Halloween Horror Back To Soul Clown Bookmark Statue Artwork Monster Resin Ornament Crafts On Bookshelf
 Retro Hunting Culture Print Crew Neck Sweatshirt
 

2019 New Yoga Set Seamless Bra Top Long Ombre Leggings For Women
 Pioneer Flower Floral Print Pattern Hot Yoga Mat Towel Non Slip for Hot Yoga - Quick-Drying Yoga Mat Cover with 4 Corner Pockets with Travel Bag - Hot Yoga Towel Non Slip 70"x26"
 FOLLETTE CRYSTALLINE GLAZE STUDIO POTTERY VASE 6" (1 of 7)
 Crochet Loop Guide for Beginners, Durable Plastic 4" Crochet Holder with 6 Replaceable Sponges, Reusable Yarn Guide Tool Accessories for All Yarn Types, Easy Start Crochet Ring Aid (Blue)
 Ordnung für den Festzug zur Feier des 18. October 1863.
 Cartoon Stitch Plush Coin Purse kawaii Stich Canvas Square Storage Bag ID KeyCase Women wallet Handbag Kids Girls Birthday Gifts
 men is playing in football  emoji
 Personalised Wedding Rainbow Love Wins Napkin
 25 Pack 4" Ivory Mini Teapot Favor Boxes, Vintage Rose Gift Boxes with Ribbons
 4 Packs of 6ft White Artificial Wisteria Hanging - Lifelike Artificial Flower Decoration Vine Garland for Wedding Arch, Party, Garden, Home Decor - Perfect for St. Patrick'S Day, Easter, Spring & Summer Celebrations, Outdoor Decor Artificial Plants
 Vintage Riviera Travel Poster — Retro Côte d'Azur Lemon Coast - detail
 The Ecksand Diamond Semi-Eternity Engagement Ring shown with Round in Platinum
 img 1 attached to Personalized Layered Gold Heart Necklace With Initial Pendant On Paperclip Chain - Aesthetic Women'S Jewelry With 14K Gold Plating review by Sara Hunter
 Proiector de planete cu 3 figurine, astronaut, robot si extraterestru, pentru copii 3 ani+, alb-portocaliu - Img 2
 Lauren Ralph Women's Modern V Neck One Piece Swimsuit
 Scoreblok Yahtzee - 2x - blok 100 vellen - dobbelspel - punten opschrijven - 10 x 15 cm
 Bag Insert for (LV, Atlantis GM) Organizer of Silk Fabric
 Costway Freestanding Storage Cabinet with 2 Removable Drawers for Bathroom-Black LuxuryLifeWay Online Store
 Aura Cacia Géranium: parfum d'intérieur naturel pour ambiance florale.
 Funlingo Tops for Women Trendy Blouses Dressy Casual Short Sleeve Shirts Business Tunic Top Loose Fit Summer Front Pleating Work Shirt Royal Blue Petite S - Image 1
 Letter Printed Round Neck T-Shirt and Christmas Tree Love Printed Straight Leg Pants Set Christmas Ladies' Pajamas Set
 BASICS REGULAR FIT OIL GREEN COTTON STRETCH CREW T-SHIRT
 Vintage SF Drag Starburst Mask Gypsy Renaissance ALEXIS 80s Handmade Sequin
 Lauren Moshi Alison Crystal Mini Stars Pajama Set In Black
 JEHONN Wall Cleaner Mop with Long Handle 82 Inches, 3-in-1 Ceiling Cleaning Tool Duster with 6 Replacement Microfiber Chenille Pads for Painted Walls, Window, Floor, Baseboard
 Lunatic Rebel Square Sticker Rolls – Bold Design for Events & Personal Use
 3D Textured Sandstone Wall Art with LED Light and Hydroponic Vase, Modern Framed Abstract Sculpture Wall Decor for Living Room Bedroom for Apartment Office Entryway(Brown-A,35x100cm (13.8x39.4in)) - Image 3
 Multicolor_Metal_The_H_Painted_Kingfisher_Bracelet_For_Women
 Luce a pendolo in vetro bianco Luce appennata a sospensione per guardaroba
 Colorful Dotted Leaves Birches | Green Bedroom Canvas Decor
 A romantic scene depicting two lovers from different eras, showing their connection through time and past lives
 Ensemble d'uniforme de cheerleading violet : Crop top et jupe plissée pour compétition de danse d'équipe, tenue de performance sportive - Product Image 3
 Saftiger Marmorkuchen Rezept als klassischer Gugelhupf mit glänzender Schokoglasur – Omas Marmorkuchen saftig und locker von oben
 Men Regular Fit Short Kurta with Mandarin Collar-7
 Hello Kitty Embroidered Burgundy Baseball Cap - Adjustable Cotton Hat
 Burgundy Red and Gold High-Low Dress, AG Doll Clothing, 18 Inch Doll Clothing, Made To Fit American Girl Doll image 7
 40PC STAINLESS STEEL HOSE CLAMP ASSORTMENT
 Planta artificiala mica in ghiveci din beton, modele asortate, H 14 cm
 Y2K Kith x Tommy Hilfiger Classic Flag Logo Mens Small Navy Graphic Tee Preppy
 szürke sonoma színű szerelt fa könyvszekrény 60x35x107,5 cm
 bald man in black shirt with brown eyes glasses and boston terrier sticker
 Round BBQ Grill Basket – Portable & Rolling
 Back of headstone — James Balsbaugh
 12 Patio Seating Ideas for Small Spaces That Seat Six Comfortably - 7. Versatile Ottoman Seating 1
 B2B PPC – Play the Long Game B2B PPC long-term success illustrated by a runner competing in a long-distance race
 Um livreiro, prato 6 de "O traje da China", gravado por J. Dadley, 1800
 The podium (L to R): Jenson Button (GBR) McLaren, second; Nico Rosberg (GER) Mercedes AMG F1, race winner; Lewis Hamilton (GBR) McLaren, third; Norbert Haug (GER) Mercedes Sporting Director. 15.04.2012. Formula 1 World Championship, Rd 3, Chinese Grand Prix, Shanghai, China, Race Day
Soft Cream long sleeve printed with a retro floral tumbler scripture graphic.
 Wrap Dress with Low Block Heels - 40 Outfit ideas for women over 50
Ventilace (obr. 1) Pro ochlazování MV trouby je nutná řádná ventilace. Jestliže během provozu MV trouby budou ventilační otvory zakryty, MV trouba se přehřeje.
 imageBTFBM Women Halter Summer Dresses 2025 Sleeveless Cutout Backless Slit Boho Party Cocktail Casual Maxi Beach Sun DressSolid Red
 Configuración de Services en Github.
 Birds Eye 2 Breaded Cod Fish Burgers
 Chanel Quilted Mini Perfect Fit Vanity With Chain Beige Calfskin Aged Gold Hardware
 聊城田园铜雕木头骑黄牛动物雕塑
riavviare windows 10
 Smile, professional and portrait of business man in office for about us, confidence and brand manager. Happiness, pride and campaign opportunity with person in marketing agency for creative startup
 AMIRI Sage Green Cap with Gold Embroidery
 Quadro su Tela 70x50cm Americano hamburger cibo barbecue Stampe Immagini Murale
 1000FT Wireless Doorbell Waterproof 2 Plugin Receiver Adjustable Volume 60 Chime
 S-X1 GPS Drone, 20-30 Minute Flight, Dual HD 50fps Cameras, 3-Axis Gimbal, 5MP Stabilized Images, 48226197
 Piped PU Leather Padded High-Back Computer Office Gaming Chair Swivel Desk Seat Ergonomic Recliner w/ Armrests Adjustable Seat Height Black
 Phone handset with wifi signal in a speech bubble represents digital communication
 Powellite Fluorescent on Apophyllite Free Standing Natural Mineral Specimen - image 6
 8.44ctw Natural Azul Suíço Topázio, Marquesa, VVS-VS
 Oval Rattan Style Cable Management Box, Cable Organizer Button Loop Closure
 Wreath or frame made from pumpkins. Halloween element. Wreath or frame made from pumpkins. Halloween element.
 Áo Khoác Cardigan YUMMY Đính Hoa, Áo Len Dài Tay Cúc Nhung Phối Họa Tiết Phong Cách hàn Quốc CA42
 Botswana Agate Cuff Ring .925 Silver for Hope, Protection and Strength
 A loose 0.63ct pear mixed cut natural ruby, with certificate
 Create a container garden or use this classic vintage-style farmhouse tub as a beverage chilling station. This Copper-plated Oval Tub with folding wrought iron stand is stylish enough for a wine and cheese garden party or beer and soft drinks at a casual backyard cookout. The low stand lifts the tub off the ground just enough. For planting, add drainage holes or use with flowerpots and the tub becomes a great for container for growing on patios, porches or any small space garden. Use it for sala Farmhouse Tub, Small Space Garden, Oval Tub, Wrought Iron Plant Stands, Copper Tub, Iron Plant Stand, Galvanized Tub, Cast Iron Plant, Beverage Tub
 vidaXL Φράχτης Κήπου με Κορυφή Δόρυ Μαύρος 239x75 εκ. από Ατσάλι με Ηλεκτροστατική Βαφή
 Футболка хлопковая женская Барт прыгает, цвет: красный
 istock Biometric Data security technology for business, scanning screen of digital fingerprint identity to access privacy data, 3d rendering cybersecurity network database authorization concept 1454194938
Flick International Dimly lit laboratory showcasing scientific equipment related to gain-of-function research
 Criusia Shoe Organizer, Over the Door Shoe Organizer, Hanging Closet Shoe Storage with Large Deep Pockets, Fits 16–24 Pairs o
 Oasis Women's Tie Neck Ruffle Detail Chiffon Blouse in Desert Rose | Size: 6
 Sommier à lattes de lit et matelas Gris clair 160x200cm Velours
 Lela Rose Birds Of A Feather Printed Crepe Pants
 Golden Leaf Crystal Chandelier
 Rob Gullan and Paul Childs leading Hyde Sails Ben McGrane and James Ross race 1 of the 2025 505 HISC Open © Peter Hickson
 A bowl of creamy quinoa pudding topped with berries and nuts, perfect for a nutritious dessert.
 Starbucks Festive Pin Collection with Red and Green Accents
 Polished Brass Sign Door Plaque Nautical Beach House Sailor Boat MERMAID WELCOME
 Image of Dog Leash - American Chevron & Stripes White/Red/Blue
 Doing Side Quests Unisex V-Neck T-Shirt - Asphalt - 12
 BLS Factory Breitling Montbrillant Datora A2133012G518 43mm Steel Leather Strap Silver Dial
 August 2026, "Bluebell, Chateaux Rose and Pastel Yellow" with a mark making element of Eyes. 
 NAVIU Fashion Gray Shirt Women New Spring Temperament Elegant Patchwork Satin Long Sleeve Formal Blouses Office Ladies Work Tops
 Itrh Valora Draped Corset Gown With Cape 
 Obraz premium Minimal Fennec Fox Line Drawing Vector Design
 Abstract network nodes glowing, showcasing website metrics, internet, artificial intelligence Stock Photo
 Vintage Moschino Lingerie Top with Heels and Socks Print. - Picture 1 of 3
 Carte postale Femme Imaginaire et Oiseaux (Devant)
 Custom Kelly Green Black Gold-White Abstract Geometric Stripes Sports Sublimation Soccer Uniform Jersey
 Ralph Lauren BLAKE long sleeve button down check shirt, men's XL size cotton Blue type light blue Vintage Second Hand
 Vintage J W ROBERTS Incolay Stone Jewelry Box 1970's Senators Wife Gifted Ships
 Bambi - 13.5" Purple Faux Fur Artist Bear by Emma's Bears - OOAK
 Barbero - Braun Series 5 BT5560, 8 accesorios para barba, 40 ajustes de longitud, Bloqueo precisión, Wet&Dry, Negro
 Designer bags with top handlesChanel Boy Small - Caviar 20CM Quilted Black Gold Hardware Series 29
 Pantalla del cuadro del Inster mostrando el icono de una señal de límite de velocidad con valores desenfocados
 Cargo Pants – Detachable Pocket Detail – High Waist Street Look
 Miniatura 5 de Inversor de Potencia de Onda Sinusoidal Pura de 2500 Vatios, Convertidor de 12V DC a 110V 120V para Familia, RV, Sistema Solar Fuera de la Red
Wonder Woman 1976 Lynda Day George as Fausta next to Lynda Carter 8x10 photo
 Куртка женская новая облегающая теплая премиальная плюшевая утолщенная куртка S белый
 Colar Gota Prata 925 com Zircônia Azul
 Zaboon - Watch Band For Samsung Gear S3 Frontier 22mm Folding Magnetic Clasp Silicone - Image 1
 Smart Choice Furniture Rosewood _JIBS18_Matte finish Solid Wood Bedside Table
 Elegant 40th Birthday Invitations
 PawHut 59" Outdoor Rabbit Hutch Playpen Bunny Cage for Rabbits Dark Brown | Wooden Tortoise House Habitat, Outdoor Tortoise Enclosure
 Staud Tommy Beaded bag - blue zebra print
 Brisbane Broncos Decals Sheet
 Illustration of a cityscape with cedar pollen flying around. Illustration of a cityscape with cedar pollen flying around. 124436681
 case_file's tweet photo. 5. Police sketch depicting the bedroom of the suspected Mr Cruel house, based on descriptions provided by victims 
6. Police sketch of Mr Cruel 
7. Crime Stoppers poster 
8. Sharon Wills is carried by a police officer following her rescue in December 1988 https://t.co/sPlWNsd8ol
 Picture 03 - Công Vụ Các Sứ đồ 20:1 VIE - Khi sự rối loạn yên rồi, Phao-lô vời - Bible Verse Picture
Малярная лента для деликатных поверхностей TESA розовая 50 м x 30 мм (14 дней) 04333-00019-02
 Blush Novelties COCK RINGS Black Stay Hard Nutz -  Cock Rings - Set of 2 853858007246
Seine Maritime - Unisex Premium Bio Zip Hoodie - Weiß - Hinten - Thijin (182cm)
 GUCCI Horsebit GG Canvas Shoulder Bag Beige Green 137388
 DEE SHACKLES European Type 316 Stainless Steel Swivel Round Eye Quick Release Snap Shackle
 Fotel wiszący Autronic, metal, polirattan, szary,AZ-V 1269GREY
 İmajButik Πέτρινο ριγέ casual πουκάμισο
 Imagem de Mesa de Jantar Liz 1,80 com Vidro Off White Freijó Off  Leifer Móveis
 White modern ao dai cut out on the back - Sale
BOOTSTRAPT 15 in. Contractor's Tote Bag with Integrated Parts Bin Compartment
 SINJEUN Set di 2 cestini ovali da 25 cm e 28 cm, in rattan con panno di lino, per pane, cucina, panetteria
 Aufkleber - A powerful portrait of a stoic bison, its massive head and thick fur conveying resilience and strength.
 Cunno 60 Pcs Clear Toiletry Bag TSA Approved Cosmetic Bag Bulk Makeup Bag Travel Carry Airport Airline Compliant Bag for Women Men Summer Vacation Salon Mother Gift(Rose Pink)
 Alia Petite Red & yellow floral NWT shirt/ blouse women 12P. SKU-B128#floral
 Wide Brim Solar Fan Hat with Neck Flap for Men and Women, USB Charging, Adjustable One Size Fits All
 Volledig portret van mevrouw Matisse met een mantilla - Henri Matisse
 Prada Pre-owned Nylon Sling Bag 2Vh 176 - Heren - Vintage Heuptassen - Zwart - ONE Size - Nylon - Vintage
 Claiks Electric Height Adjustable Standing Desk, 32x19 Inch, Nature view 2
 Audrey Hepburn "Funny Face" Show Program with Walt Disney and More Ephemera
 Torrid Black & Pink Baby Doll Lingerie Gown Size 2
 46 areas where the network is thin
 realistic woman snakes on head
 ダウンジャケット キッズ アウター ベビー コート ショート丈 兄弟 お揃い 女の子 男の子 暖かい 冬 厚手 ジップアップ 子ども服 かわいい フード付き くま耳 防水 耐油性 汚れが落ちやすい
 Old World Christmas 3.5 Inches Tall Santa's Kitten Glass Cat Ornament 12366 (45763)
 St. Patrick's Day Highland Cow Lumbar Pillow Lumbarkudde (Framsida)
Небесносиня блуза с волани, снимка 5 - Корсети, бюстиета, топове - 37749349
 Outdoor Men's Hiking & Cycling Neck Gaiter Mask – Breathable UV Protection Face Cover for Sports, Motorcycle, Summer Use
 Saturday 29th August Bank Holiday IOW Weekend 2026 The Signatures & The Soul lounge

TASK STATEMENT:
The first line of the records begins the span, and the line containing "2019 New Yoga" ends it. Reproduce that span exactly, both ends included.

ANSWER AREA:
Halloween Horror Back To Soul Clown Bookmark Statue Artwork Monster Resin Ornament Crafts On Bookshelf
 Retro Hunting Culture Print Crew Neck Sweatshirt
 

2019 New Yoga Set Seamless Bra Top Long Ombre Leggings For Women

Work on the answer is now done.